PROVIDED DATA ▸
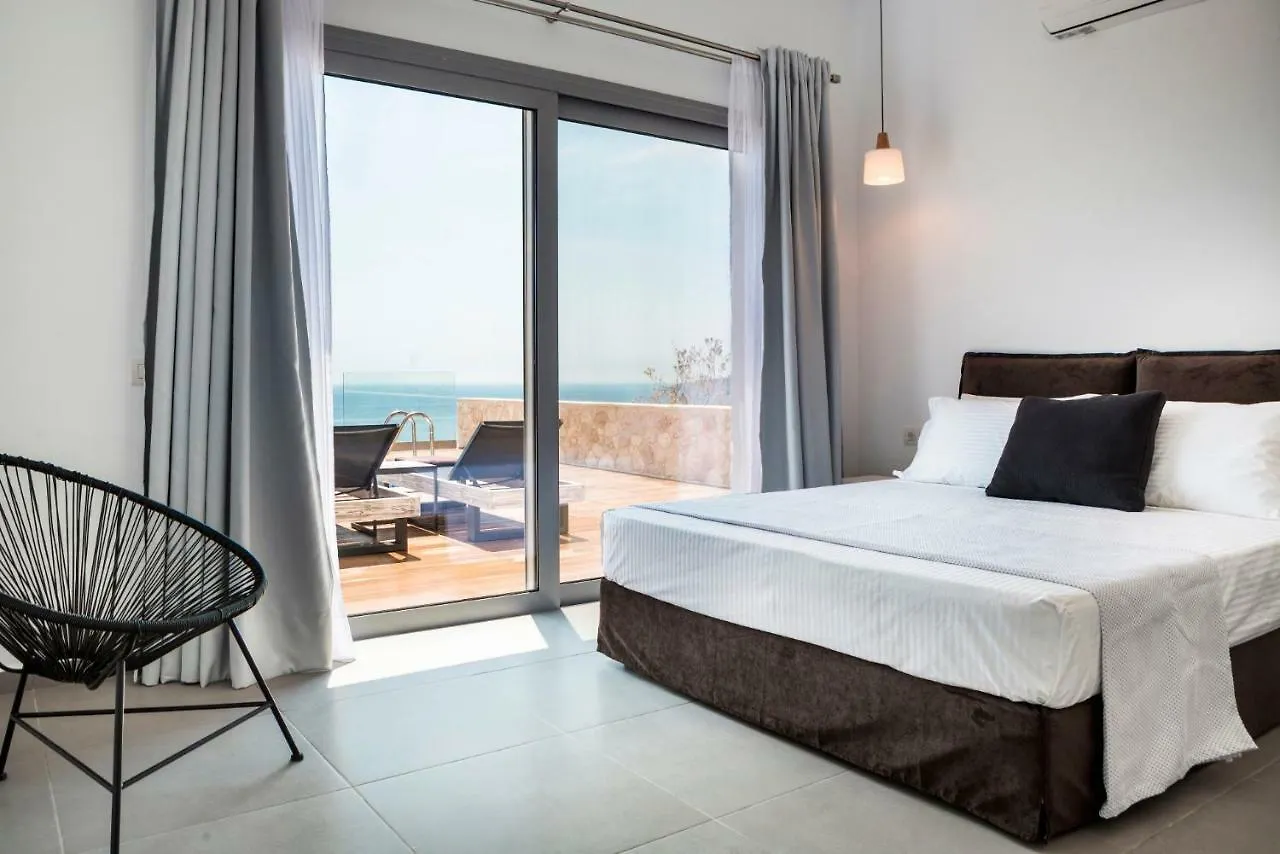 Mystique View Villas Lourdata  Greece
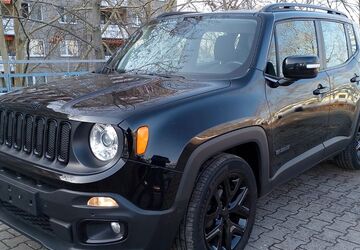 Jeep Renegade 119.000 km 13.900 &euro; Berlin 12357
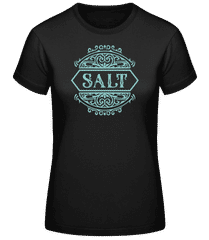 Salt · T-shirt standard Femme
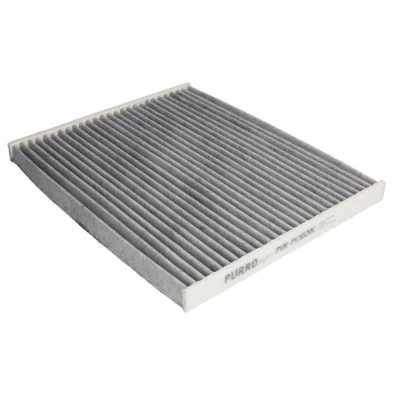 Abbildung von PURRO PUR PC1020C Innenraumfilter Aktivkohlefilter 219 266 20 OPEL: Corsa D Schrägheck, E Adam, FIAT: Grande Punto Schrägheck
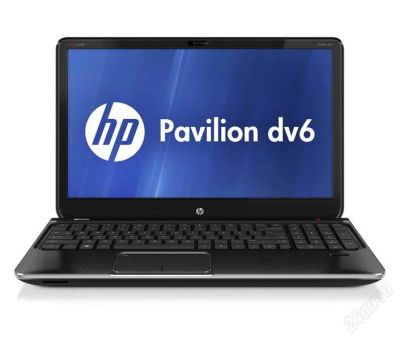 Лот: 2056891. Фото: 1. Новый Ноутбук hp Pavilion dv7-7171er... Ноутбуки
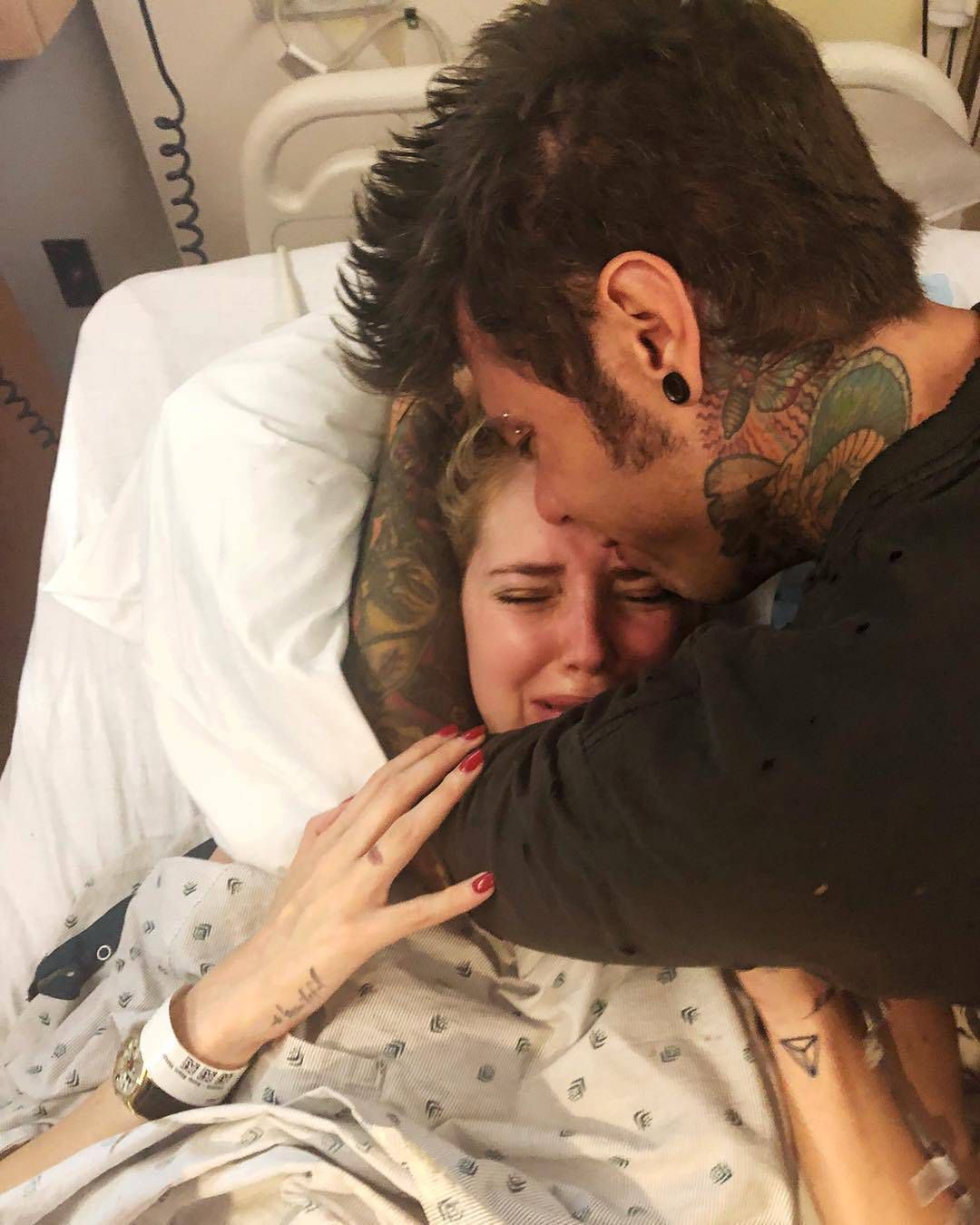 Blogerka Chiara Ferragni urodziła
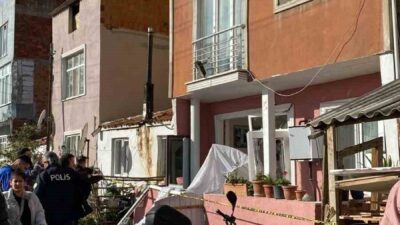 Gelibolu ilçesinde, Camikebir Mahallesi Fikirli Sinan 5. Sokak’ta meydana gelen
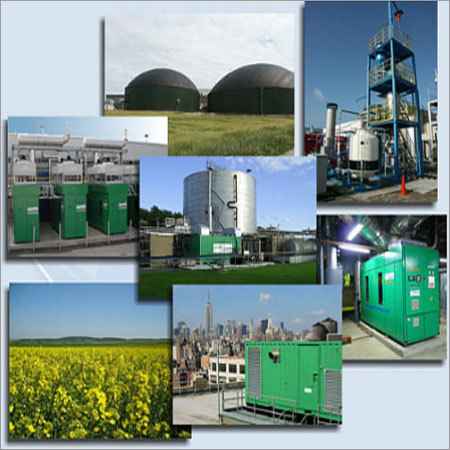 Captive Power Plant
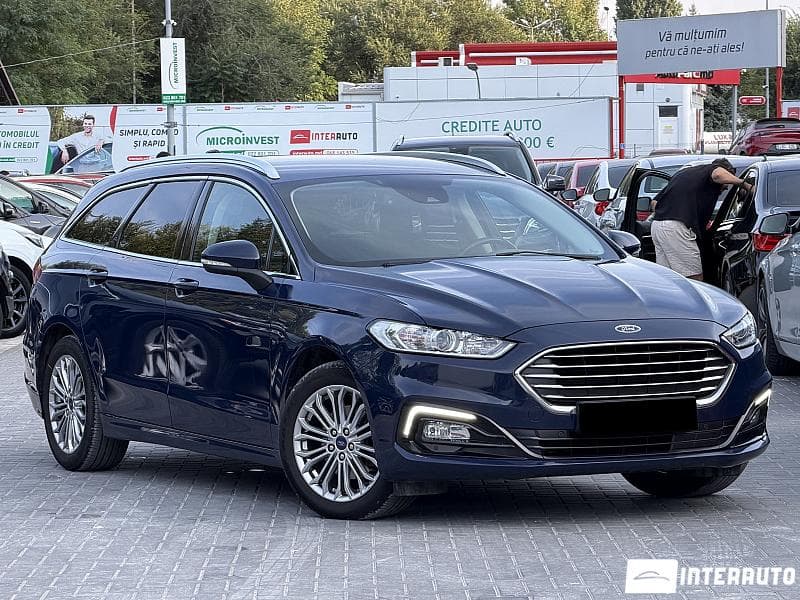Ford Mondeo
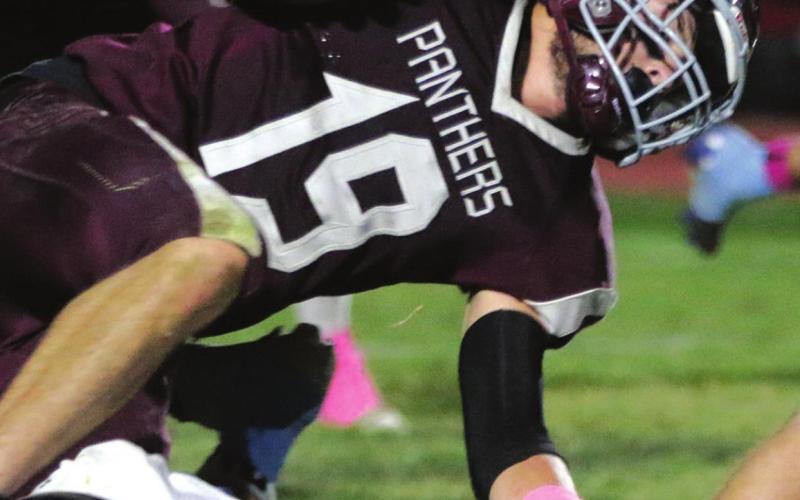 Gimbel, Lawrence, Kraft receive postseason honors
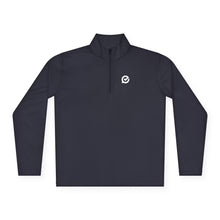 Load image into Gallery viewer, Unisex Quarter-Zip Pullover (free with promo code)
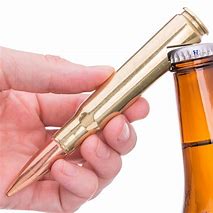 50 cal Bullet Bottle Opener
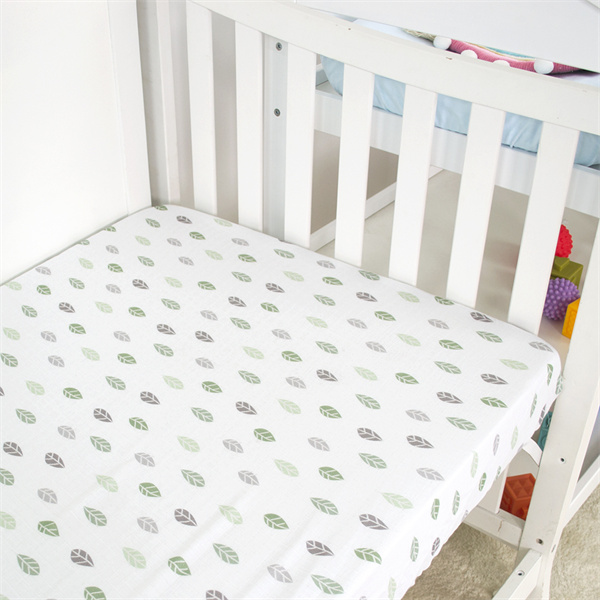 Soft Organic Crib Sheets for Better Dreaming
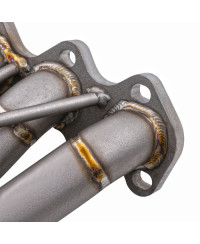 COLLECTEUR INOX TOYOTA SUPRA MK4 JZA80 2JZ-GTE JAPSPEED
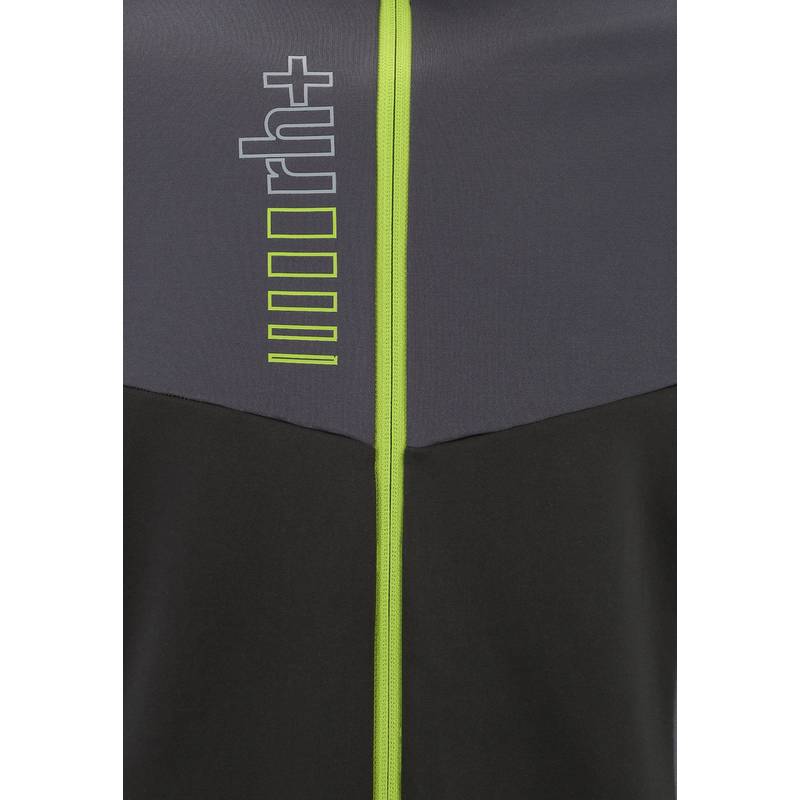 RH+ Zero Full Zip Jersey Layerlangarmshirt Herren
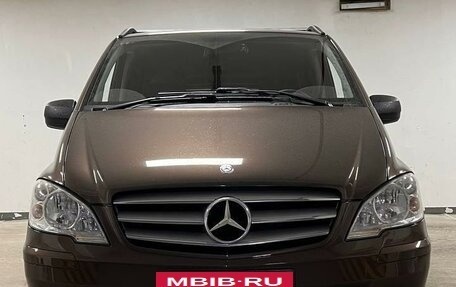Mercedes-Benz Vito, 2014 год, 2 600 000 рублей, 5 фотография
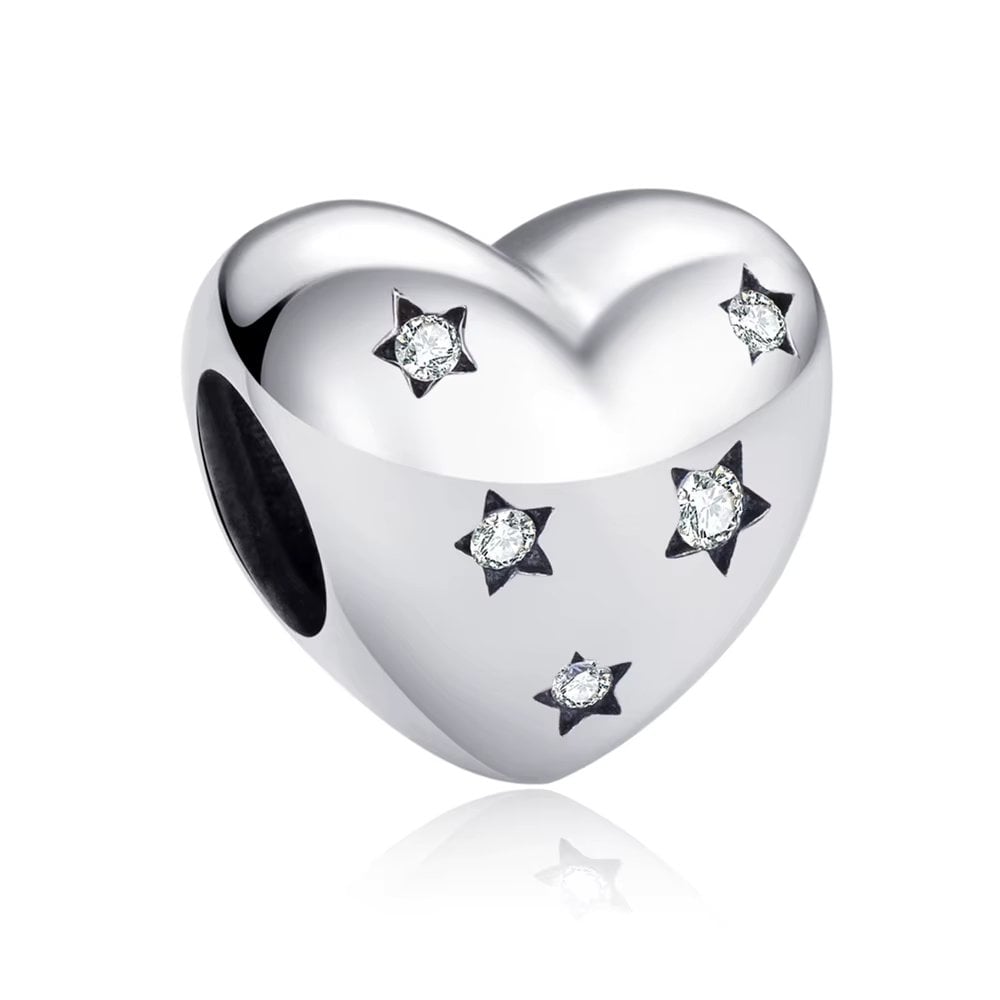 Charm Stelute Argint Delis - Eleganta Premium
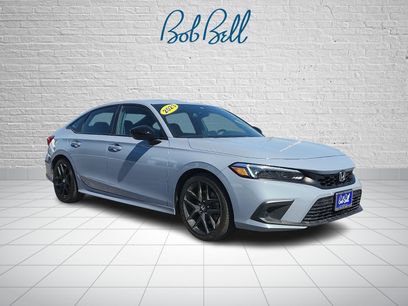 Used 2023 Honda Civic Si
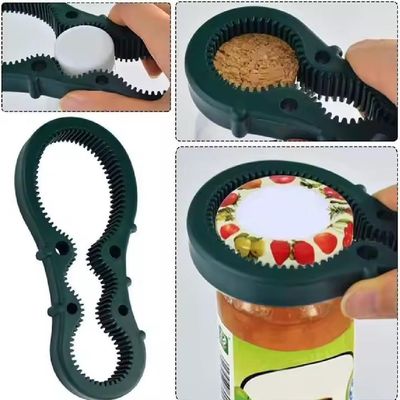 Abridor De Latas Automático Praticidade E Segurança Na Cozinha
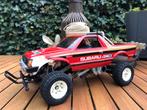 Tamiya Subaru Brat, Hobby & Loisirs créatifs, Échelle 1:10, Enlèvement ou Envoi, Voiture off road, Comme neuf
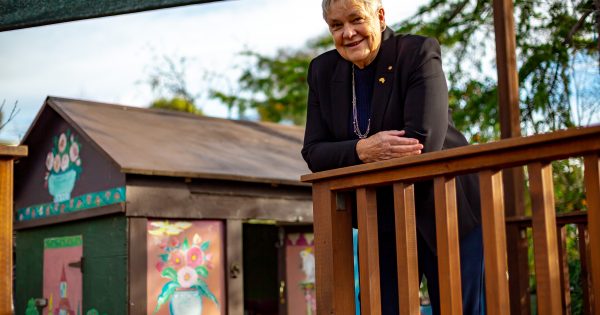 Senior Australian of the Year says children need attention, love and plenty of free time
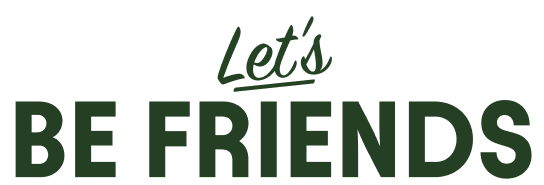Let's Be Friends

DESCRIPTION OF THE TASK ▸ Each line of the data must be transcribed exactly; pictures are not carried over.

SOLUTION FOR THIS TASK ▸
 Mystique View Villas Lourdata  Greece
 Jeep Renegade 119.000 km 13.900 &euro; Berlin 12357
 Salt · T-shirt standard Femme
 Abbildung von PURRO PUR PC1020C Innenraumfilter Aktivkohlefilter 219 266 20 OPEL: Corsa D Schrägheck, E Adam, FIAT: Grande Punto Schrägheck
 Лот: 2056891. Фото: 1. Новый Ноутбук hp Pavilion dv7-7171er... Ноутбуки
 Blogerka Chiara Ferragni urodziła
 Gelibolu ilçesinde, Camikebir Mahallesi Fikirli Sinan 5. Sokak’ta meydana gelen
 Captive Power Plant
Ford Mondeo
 Gimbel, Lawrence, Kraft receive postseason honors
 Load image into Gallery viewer, Unisex Quarter-Zip Pullover (free with promo code)
 50 cal Bullet Bottle Opener
 Soft Organic Crib Sheets for Better Dreaming
 COLLECTEUR INOX TOYOTA SUPRA MK4 JZA80 2JZ-GTE JAPSPEED
 RH+ Zero Full Zip Jersey Layerlangarmshirt Herren
Mercedes-Benz Vito, 2014 год, 2 600 000 рублей, 5 фотография
 Charm Stelute Argint Delis - Eleganta Premium
 Used 2023 Honda Civic Si
 Abridor De Latas Automático Praticidade E Segurança Na Cozinha
 Tamiya Subaru Brat, Hobby & Loisirs créatifs, Échelle 1:10, Enlèvement ou Envoi, Voiture off road, Comme neuf
 Senior Australian of the Year says children need attention, love and plenty of free time
Let's Be Friends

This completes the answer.